> **Stored data**
◇ ◇ ◇ ◇ ◇ ◇ ◇
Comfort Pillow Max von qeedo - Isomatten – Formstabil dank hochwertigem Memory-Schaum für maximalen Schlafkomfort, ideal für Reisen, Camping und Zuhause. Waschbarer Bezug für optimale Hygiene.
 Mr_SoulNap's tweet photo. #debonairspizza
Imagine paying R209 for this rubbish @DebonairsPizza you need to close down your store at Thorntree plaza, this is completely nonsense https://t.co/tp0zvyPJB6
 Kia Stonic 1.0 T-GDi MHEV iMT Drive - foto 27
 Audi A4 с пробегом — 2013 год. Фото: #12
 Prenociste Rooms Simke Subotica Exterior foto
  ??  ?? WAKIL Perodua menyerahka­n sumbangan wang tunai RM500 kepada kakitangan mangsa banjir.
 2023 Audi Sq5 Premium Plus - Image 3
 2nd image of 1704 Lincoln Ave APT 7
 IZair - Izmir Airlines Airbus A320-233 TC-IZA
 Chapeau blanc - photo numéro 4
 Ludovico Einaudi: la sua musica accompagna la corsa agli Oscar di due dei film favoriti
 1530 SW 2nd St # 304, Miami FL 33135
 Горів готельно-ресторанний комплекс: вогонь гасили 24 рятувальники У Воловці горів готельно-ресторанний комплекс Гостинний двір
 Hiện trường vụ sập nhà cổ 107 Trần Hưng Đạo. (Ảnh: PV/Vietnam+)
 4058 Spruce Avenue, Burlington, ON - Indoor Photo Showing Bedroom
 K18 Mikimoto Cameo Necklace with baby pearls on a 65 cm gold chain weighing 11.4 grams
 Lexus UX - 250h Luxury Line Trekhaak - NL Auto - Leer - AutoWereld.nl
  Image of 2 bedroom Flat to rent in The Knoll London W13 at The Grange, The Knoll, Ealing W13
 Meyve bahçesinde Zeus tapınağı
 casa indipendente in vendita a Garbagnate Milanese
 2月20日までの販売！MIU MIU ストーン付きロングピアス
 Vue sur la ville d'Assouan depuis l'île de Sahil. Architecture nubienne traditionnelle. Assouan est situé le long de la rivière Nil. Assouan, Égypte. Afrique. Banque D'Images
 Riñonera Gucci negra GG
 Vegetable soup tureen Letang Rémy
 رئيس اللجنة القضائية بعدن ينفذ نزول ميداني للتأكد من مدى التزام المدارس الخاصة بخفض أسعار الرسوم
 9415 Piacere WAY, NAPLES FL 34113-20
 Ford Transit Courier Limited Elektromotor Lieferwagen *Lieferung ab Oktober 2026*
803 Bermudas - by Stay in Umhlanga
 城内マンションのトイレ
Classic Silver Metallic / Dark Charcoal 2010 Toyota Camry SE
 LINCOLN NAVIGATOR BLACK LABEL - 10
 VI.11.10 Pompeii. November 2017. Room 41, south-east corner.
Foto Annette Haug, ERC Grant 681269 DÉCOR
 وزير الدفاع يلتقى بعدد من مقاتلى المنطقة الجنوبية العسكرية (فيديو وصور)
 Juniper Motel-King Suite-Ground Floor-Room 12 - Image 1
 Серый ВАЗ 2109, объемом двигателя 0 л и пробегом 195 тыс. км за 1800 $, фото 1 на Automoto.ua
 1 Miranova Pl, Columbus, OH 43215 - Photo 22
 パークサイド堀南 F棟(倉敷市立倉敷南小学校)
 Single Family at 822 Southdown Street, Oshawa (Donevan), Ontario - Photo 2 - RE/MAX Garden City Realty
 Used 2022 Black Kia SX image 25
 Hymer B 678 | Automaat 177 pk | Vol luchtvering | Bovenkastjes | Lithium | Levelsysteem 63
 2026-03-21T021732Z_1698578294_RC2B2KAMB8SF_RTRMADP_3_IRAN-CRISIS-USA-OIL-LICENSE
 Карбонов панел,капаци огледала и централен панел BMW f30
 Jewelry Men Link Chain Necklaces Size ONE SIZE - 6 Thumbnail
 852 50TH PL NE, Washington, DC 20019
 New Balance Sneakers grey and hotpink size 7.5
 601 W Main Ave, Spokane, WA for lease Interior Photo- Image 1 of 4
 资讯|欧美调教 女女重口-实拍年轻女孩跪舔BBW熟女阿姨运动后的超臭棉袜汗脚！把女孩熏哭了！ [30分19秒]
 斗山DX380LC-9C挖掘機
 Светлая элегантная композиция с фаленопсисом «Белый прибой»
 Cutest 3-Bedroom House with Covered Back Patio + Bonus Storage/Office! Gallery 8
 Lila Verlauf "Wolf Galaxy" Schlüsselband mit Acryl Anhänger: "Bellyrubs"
◇ ◇ ◇ ◇ ◇ ◇ ◇
> **What needs to be done**
Nothing should appear in the answer except the lines above from the line with "IZair - Izmir" through the line with "رئيس اللجنة القضائية", both included, written out exactly.

> **Response to the exercise**
 IZair - Izmir Airlines Airbus A320-233 TC-IZA
 Chapeau blanc - photo numéro 4
 Ludovico Einaudi: la sua musica accompagna la corsa agli Oscar di due dei film favoriti
 1530 SW 2nd St # 304, Miami FL 33135
 Горів готельно-ресторанний комплекс: вогонь гасили 24 рятувальники У Воловці горів готельно-ресторанний комплекс Гостинний двір
 Hiện trường vụ sập nhà cổ 107 Trần Hưng Đạo. (Ảnh: PV/Vietnam+)
 4058 Spruce Avenue, Burlington, ON - Indoor Photo Showing Bedroom
 K18 Mikimoto Cameo Necklace with baby pearls on a 65 cm gold chain weighing 11.4 grams
 Lexus UX - 250h Luxury Line Trekhaak - NL Auto - Leer - AutoWereld.nl
  Image of 2 bedroom Flat to rent in The Knoll London W13 at The Grange, The Knoll, Ealing W13
 Meyve bahçesinde Zeus tapınağı
 casa indipendente in vendita a Garbagnate Milanese
 2月20日までの販売！MIU MIU ストーン付きロングピアス
 Vue sur la ville d'Assouan depuis l'île de Sahil. Architecture nubienne traditionnelle. Assouan est situé le long de la rivière Nil. Assouan, Égypte. Afrique. Banque D'Images
 Riñonera Gucci negra GG
 Vegetable soup tureen Letang Rémy
 رئيس اللجنة القضائية بعدن ينفذ نزول ميداني للتأكد من مدى التزام المدارس الخاصة بخفض أسعار الرسوم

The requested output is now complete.